Some notes on PChange – estimating when trajectories cross over time

J.C. Barnes and company published a paper in JQC not too long ago and came up with a metric, PChange, to establish the number of times trajectories cross in a sample. This is more of interest to life course folks, although it is not totally far fetched to see it applied to trajectories of crime at places. Part of my interest in it was simply that it is an interesting statistical question — when two trajectories with errors cross. A seemingly simple question that has a few twists and turns.

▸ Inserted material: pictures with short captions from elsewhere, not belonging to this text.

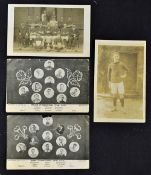 Selection of Early Football Postcards to include Welsh and English International Teams 1911/12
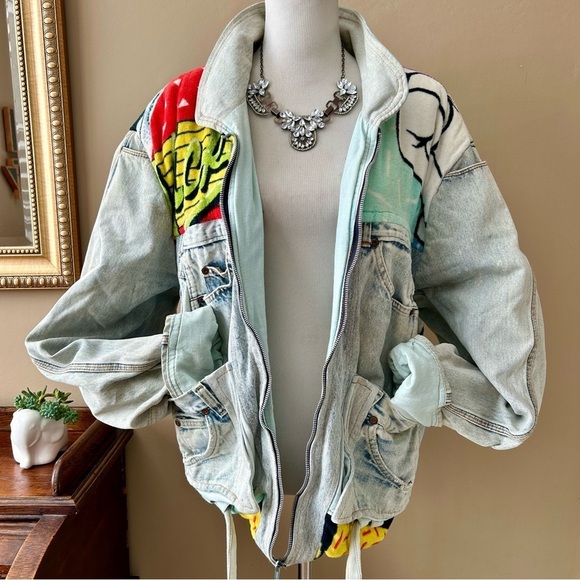 90's Vintage Guetta Brothers Too Cute Disney Mickey Mouse Denim Jean Jacket - Picture 7 of 14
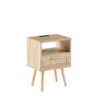 15.75" Rattan End Table With Power Outlet & USB Ports, Modern Nightstand With Drawer And Solid Wood Legs, Side Table For Living Room, Bedroom - Natural - Image 9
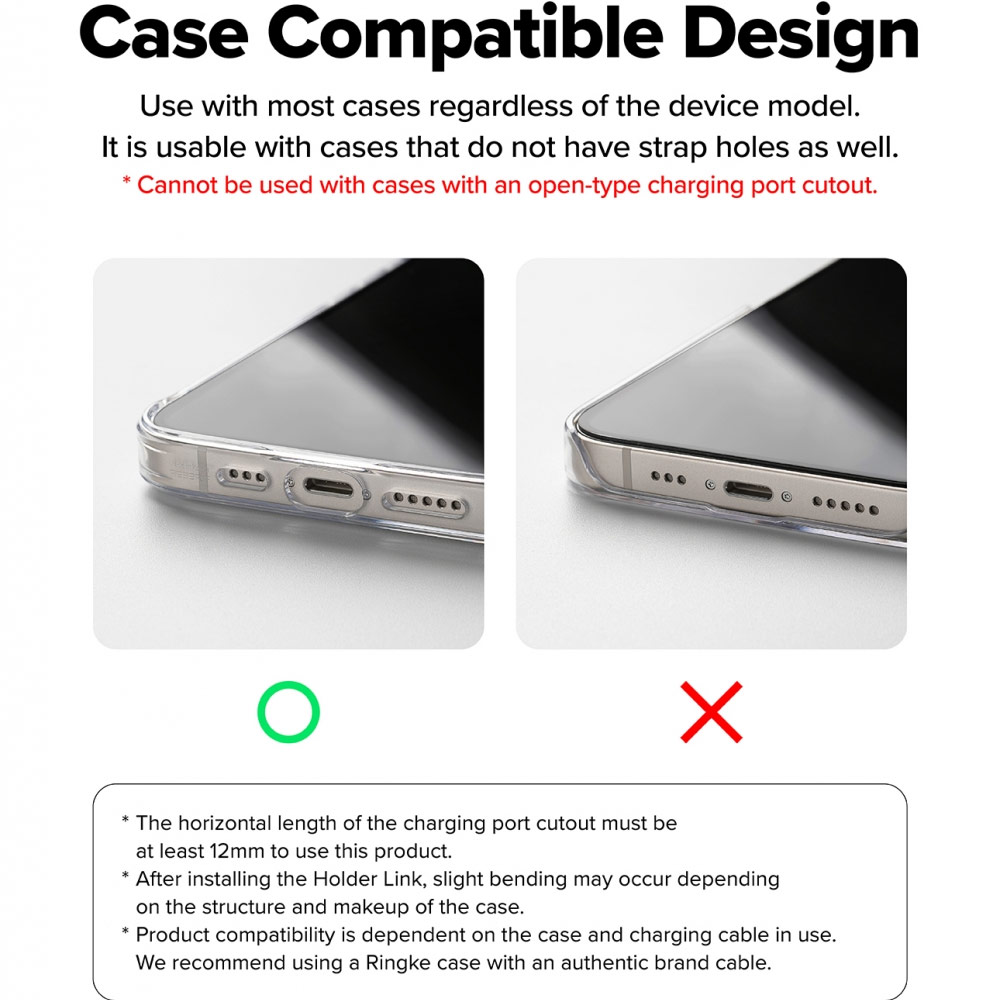 Picture of Ringke Eye Catching Holder Link & Puffer Finger Strap for Phone case (Snow White)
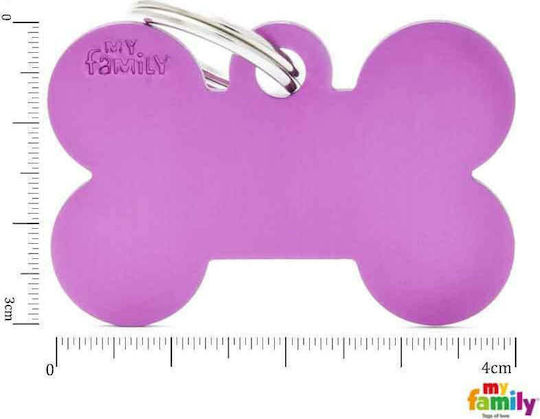 My Family Dog ID Tag Bone Purple Metal Personalized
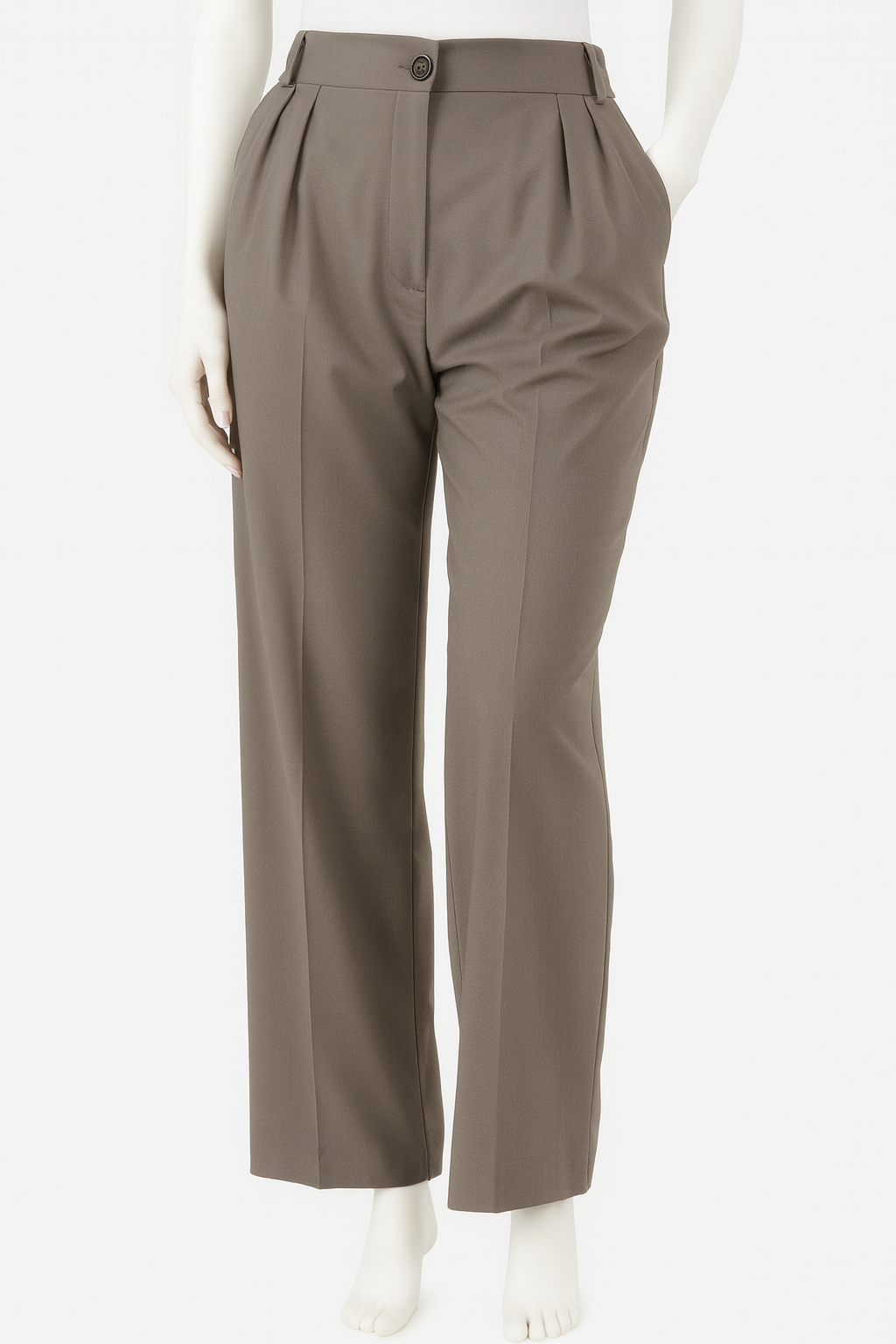 Elegant Taupe Pleated Pant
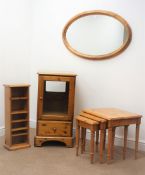 Ducal pine nest of three tables (W53cm, H48cm, D44cm) an oval mirror,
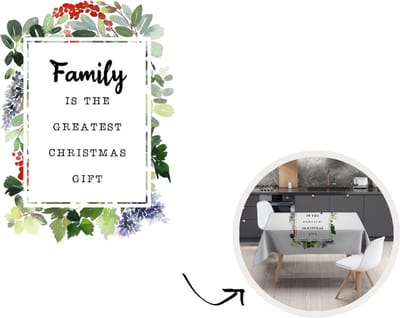 Kerst Tafelkleed - Kerstmis Decoratie - Tafellaken - Planten - Kerst - Quote - Familie - 220x150 cm - Kerstmis Versiering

Here are my subsequent notes on that metric.

The Domain Matters

First, here is an example of the trajectories not crossing:

This points to an important assumption about those lines not crossing though that was never mentioned in the Barnes paper — the domain matters. For instance, if we draw those rays further back in time what happens?

They cross! This points to an important piece of information when evaluating PChange — the temporal domain in which you examine the data matters. So if you have a sample of juvenile delinquency measures from 14-18 you would find less change than a similar sample from 12-20.

This isn’t really a critique of PChange — it is totally reasonable to only want to examine changes within a specific domain. Who cares if delinquency trajectories cross when people are babies! But it should be an important piece of information researchers use in the future if they use PChange — longer samples will show more change. It also won’t be fair to compare PChange for samples of different lengths.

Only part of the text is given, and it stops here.